Le buone intenzioni, come è capitato più volte di rilevare in passato, anche in questa circostanza ci sono tutte, ma non si possono dimenticare le recenti dichiarazioni del Procuratore della Repubblica di Catanzaro, Nicola Gratteri, secondo cui “la politica non ha mai considerata prioritaria la lotta alle mafie”. E Gratteri è un magistrato che di mafie, in particolare di quella calabrese, la più potente e pericolosa, è grande esperto, protagonista di numerose importanti inchieste giudiziarie di rilevanza nazionale e internazionale.
Ci si chiede, poi, come sia stato possibile, nonostante le asserite “pesanti sconfitte alle mafie”, la loro proliferazione e diffusione ( in particolare la ‘ndrangheta) non solo su tutto il territorio nazionale, ma anche in almeno una trentina di Stati europei ed extraeuropei. Imprese mafiose che, con i proventi stimati derivati dal commercio degli stupefacenti, dalla prostituzione e dal contrabbando di tabacchi lavorati, contribuiscono, sin dal settembre 2014 ( con una sconcertante decisione dell’UE che lasciava questa possibilità ai singoli istituti di statistica), a determinare il Pil. Insomma, “la mafia (..) sarebbe una componente della ricchezza nazionale” come sottolineava nella sua relazione di oltre 500 pagine, di fine legislatura (febbraio 2018) la Commissione Parlamentare antimafia, auspicando “una profonda riflessione da parte della politica su quella che è una “forma di legalizzazione statistica” dei proventi mafiosi”. Riflessione mai fatta, naturalmente, e così siamo al paradosso che ogni azione di contrasto al narcotraffico con il sequestro di droghe è, di fatto, come se fosse un atto contro l’economia nazionale.

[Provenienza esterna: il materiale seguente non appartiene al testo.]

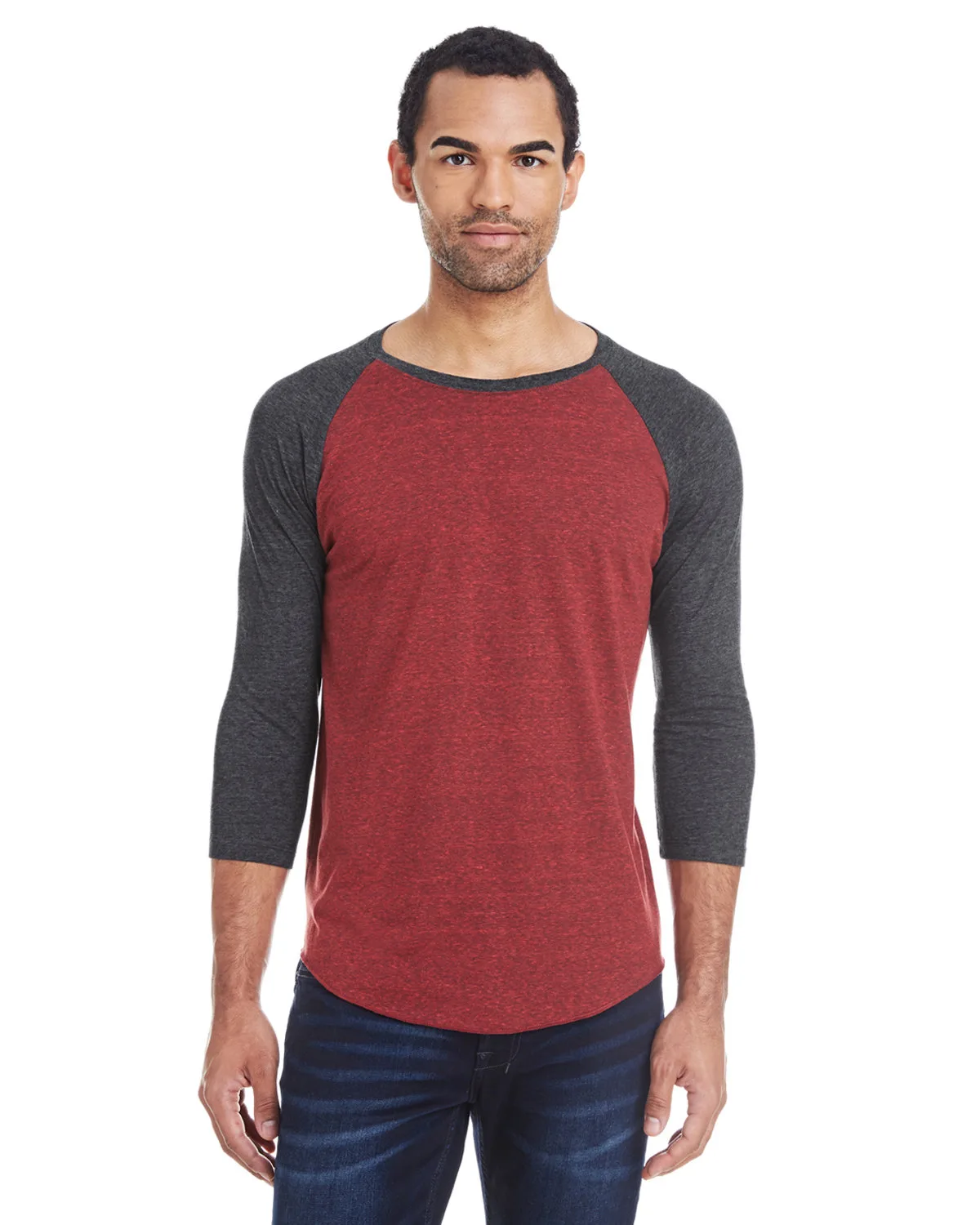 THREADFAST Unisex Triblend Three-Quarter Sleeve Raglan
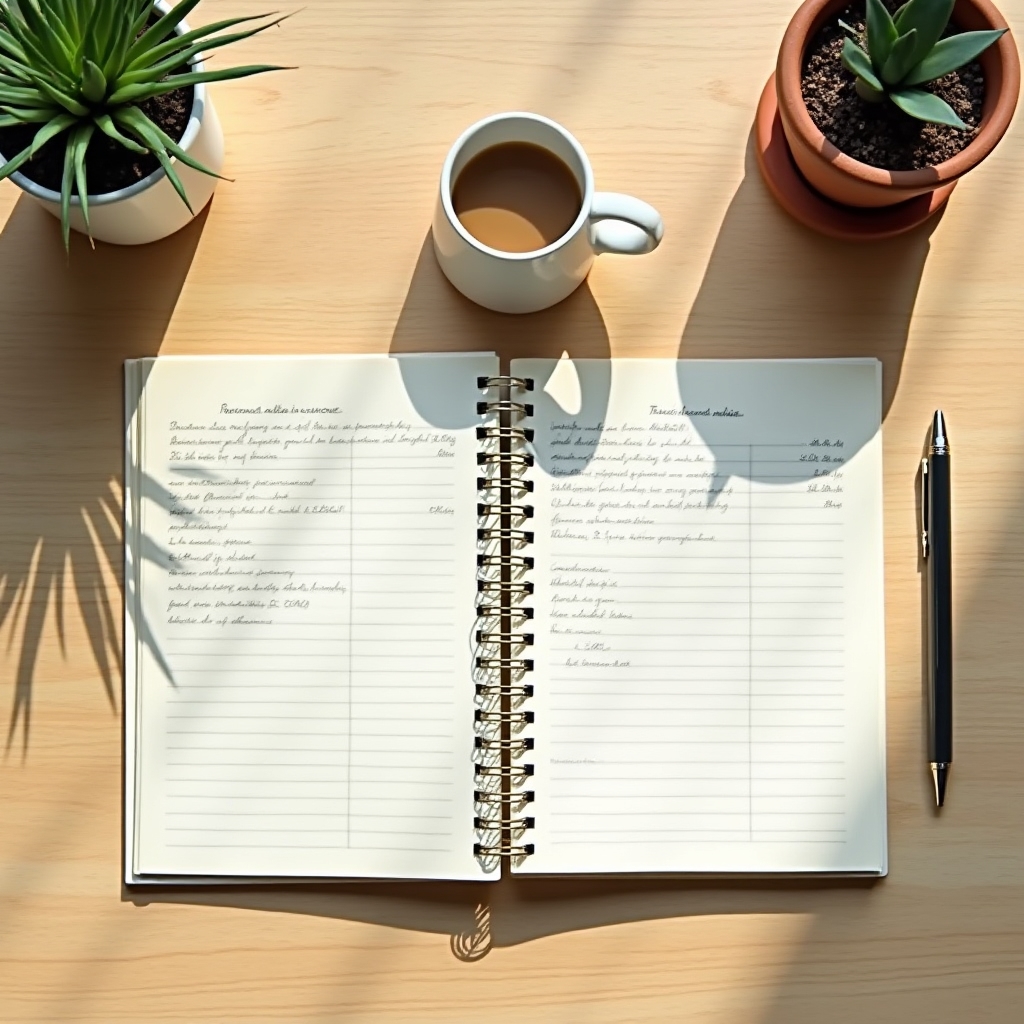 Open notebook with budget notes beside a coffee cup on a clean desk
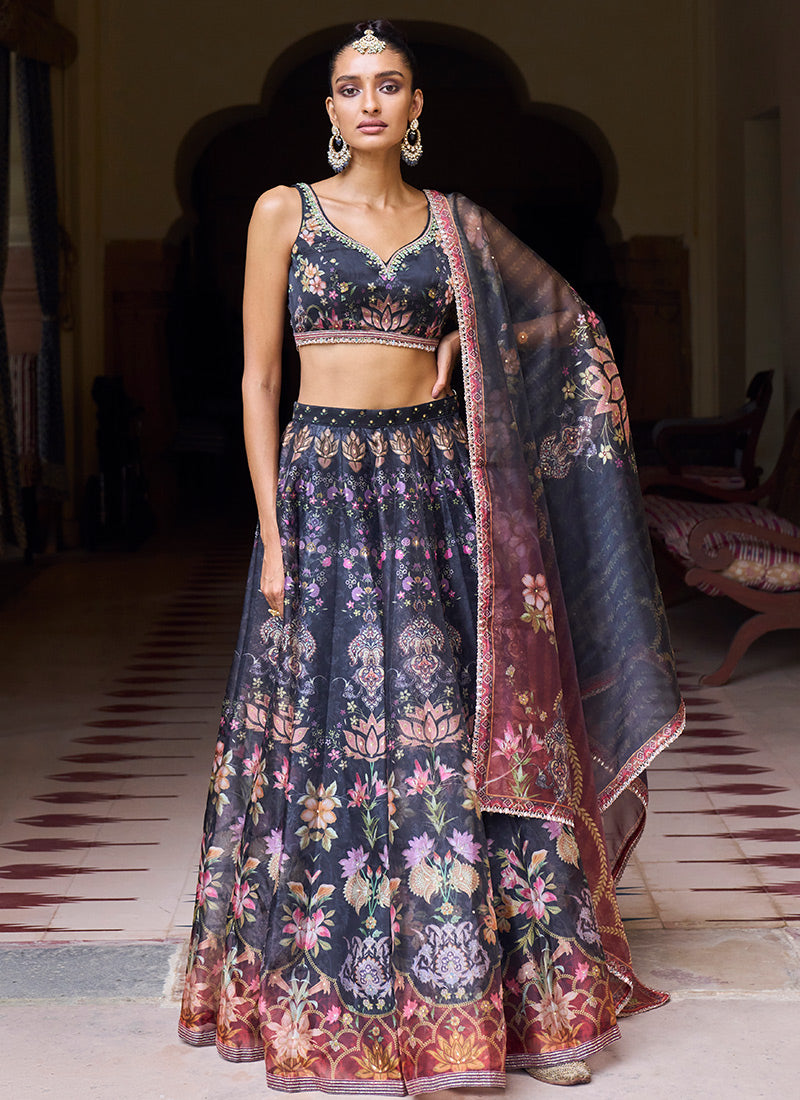 Black Printed Organza Lehenga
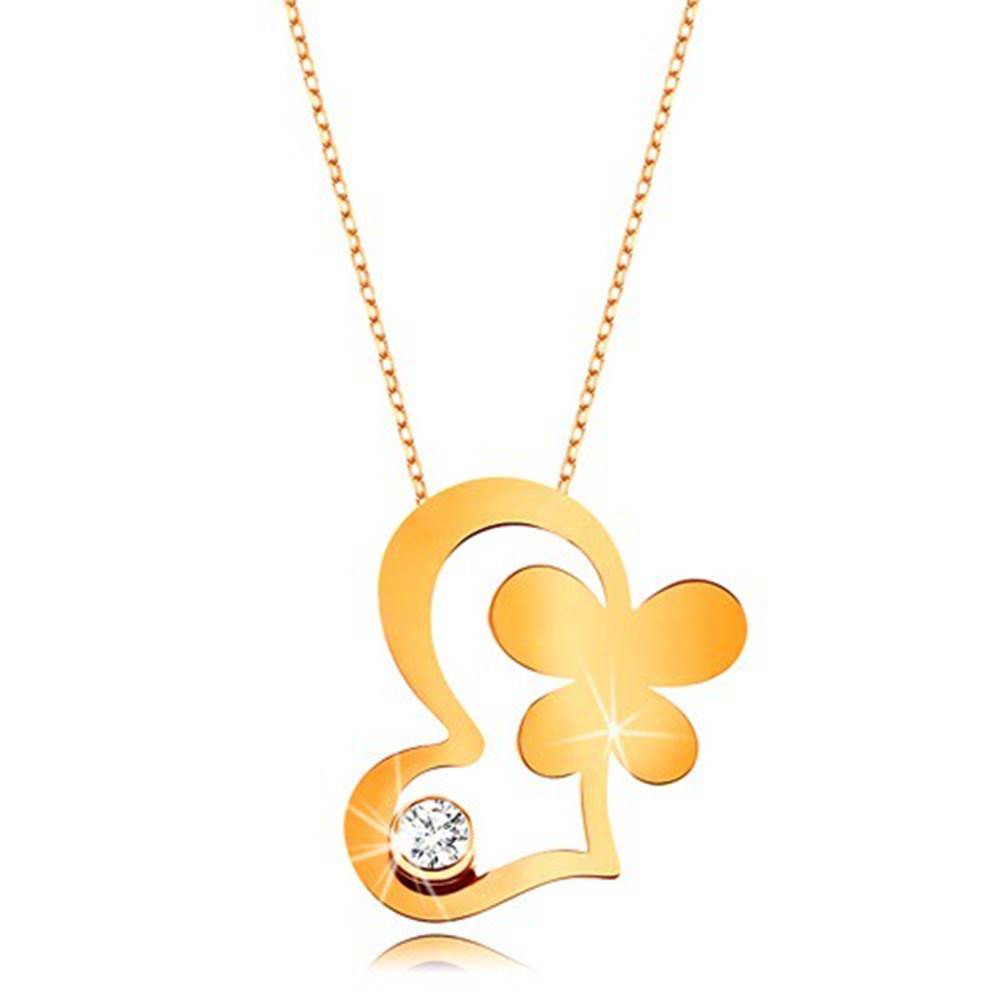 Šperky eshop Zlatý 9K náhrdelník - retiazka z oválnych očiek, kontúra srdca, motýľ a číry zirkón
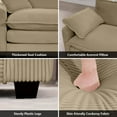 thumbnail image 3 of Modern Oversized Corduroy Armchair,Deep Seat Accent Chair with Pillow,Comfy Single Sofa Chair for Living Room Bedroom Apartment,Camel, 3 of 6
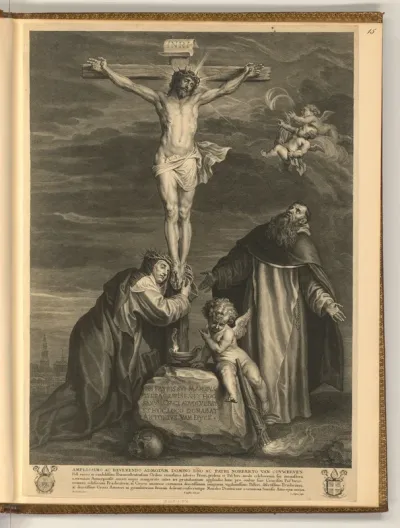 Christus am Kreuz mit Katharina von Siena und Dominikus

Se, poi, si vuole vedere la realtà criminale mafiosa (anche quella straniera) alla luce delle tante importanti indagini degli ultimi anni, si potrà rilevare come le battaglie vinte non hanno minimamente scosso le mafie – su tutte la ‘ndrangheta - e la grande criminalità, il loro profondo radicamento sui territori, la potenza finanziaria, la loro capacità di essere anti-Stato senza mettersi, però, in aperta competizione, ma infiltrandosi nei suoi apparati vitali. Una realtà criminale molto triste, messa bene in evidenza anche dalle più recenti relazioni della DIA presentate al Parlamento, l’ultima delle quali proprio dalla Lamorgese, nel giugno scorso. Lottare contro le mafie non vuol dire solo reprimere ma anche costruire una maggiore giustizia sociale e, soprattutto, bonificare la politica dalle mafie. E su questo punto sono troppi quelli che fanno ancora orecchie da mercante.